Here we apply structural models, originally developed for twin studies, to assess the genetic and environmental components in main types of cancer. Family and cancer data were obtained from the nationwide Swedish Family-Cancer Database (the 1999 update) with more than 700,000 cancers and a population of 9.6 million, the largest dataset ever used for family studies. It offers unique possibilities for reliable modeling because all the data on family relationships and cancers were obtained from registered sources of practically complete coverage. Results on colon cancer, melanoma and lung cancer using an earlier version of the Database have been previously published.15
MATERIAL AND METHODS
The Swedish Family-Cancer Database includes persons born after 1934 (“offspring”) and their biological parents, totalling more than 9.6 million individuals.20 Cancers were retrieved from the nationwide Swedish Cancer Registry from years 1958–1996. In addition of invasive cancers, cervical in situ cancers were obtained. Of the invasive cancers, more than 600,000 were diagnosed among parents and 92,000 among offspring. The Database is otherwise practically complete but has a gap among those born from 1935–1940 who died before the end of follow-up. These individuals lack links to parents in the Database, thus probably causes a deficit of some 10,000 cancer cases. The effect is a somewhat inflated estimate for fatal cancers, particularly among siblings.

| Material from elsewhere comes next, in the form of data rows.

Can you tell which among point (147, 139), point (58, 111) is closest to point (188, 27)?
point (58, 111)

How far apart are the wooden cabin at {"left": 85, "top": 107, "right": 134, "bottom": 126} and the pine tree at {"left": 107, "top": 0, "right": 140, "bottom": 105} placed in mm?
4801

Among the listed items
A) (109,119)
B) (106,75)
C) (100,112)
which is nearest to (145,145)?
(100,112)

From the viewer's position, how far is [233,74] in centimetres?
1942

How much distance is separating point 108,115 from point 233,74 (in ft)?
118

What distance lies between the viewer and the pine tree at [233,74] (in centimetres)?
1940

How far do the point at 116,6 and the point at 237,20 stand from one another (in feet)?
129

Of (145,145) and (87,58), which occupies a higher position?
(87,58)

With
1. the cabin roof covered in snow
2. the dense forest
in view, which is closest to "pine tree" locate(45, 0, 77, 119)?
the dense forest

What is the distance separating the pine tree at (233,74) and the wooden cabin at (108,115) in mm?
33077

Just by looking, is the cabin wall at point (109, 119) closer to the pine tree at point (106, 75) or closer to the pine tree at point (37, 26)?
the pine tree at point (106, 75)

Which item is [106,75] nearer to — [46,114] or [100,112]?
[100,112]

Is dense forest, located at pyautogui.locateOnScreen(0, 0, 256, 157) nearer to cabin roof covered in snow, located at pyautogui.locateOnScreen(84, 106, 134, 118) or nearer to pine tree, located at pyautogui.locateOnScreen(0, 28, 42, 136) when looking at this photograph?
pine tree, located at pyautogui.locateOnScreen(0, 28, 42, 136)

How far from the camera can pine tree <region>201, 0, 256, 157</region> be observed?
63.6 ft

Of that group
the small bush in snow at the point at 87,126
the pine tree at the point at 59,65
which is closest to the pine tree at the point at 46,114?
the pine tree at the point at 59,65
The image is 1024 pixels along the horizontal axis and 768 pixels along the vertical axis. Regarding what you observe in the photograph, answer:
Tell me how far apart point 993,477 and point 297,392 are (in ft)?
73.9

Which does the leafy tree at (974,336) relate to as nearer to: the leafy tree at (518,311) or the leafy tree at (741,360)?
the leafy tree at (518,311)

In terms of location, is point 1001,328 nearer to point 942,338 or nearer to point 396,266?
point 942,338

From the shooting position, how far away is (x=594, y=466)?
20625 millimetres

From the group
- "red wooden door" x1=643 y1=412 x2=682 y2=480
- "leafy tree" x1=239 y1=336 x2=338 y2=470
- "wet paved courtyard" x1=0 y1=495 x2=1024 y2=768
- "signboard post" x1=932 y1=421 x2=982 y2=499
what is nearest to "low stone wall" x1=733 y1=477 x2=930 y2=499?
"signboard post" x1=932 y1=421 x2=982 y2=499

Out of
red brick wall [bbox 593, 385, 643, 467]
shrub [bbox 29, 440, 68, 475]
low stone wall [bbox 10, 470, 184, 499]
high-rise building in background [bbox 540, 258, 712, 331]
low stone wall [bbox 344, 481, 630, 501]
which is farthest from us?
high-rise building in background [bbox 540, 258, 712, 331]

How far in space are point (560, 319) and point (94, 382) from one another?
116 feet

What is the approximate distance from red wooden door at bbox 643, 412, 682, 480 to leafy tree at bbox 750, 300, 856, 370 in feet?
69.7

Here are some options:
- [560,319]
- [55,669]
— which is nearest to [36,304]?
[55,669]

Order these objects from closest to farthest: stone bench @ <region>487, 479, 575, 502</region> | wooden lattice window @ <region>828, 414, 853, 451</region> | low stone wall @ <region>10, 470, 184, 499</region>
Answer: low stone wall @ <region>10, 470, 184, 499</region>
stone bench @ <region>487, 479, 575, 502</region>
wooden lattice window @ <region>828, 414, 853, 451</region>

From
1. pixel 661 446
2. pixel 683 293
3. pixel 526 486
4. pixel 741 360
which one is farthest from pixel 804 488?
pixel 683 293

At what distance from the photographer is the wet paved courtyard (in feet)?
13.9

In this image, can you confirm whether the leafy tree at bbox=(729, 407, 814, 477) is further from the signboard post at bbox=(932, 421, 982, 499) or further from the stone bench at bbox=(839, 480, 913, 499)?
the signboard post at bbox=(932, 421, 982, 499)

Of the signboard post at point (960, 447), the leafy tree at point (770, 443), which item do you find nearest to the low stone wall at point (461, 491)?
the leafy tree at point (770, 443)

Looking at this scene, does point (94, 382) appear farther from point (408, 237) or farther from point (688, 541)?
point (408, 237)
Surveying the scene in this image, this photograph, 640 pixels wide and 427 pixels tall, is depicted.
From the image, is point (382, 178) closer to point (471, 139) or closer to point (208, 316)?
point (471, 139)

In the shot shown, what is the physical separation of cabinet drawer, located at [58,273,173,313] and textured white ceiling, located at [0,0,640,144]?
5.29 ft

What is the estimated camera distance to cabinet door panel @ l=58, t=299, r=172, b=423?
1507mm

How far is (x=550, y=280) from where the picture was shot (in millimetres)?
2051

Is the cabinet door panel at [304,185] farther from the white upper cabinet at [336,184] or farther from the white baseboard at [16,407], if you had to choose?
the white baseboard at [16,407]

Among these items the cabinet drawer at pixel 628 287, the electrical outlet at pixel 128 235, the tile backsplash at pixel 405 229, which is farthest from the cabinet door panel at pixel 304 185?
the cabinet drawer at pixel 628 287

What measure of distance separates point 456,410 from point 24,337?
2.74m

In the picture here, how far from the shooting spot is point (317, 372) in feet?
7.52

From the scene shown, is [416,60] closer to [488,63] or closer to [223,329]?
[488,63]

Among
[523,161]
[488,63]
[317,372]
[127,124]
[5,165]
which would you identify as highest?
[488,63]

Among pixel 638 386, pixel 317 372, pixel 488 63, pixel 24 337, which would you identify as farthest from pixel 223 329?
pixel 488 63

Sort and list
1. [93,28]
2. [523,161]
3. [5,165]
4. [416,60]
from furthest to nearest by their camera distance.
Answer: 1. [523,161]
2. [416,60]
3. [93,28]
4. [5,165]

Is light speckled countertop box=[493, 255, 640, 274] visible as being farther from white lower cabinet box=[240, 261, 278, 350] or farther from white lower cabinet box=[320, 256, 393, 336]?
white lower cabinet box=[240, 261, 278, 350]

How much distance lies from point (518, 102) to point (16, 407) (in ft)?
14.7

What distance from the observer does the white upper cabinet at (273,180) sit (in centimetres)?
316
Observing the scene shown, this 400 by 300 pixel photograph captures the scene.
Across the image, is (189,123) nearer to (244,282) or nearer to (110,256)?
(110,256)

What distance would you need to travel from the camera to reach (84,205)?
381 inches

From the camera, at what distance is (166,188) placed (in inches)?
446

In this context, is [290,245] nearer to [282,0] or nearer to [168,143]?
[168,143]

Offspring were diagnosed for their first primary cancer in years 1958–1996 at ages 0–61 years. A 4-digit diagnostic code according to the 7th revision of the International Classification of Diseases (ICD-7) was used for cancer-type identification. The following ICD-7 codes were pooled: 162 and 163 (“lung”), 204–207 (“leukemia”), 208 and 209 (polycytemia vera and myelofibrosis, respectively). Rectal cancer, ICD-7 code 154, was mucosal rectum (154.0). Primary sites that were included in the category of endocrine glands are those at adrenal, parathyroid and pituitary glands.
Family pairs (parent-child [both biological and adoptive], sib-sib and spouse-spouse) were characterised for each specific cancer: either no cancer, one with cancer or both with cancer. Each individual is entered more than once into the analysis, e.g., a parent appears in the spouse comparison once and in the parent-offspring comparison as many times as he or she has children. Each individual may thus contribute cancers to as many pairs as he or she is a part of. A sibship that contains 1 affected and 1 unaffected sib counts as a discordant pair; a sibship with 2 affected sibs results in 1 concordant pair; a sibship with 3 affected individuals (sib A, sib B and sib C) counts as 3 concordant pairs (AB, AC and BC); a sibship with 2 affected and 1 unaffected individual is counted as 1 concordant and 2 discordant pairs and so on.
In the case of cervical cancer, melanoma and lung cancer, we performed the additional analyses separately for 2 distinct birth-cohort groups. The birth-cohorts are divided into (i) both sibs born 1941–1950 and the offspring in the parent-offspring relations born 1941–1950; (ii) both sibs born 1951–1970 and the offspring in the parent-offspring relations born 1951–1970. In the case of cervix in situ, due to earlier age of onset cohorts were 1941–1955 and 1956–1975, respectively. The restriction applied that both sibs had to be in the same birth-cohort to be incorporated into the calculation led to a reduction of eligible sibpairs.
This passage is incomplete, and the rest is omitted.